Cricket uses SI[1] symbology[2] in its graphs, so m is mili, 10^-3, as
opposed to mega or M, 10^6. Our instance of Cricket is configured to
poll interfaces every five minutes; the value shown is the difference
in packet count from the last measurement to the current one divided
by the polling interval; this averaging gives rise to the fractional
rate. (Assuming the Cricket polling interval were 1 second, under what
circumstances would only .7 of a packet be transmitted in a second?)
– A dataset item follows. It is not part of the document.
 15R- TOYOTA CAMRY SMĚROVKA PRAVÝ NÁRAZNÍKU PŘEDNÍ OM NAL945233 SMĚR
> > > I am having difficulty discerning how concerned I should be and what
> > > complications to expect from a large amount of this traffic.  I am
> > > certain that the lion's share is garbage.  How important is it to reduce
> > > this traffic?
> >
> > How do you know it is garbage? Is the traffic causing a problem?
>
> I am guessing that it is garbage really.  I don't know that I am running
> anything that has reason to receive so much traffic.
>
> I don't know that it is causing issues, but I don't know that it is not.
> That is unfortunately one of the areas I would need some guidance on.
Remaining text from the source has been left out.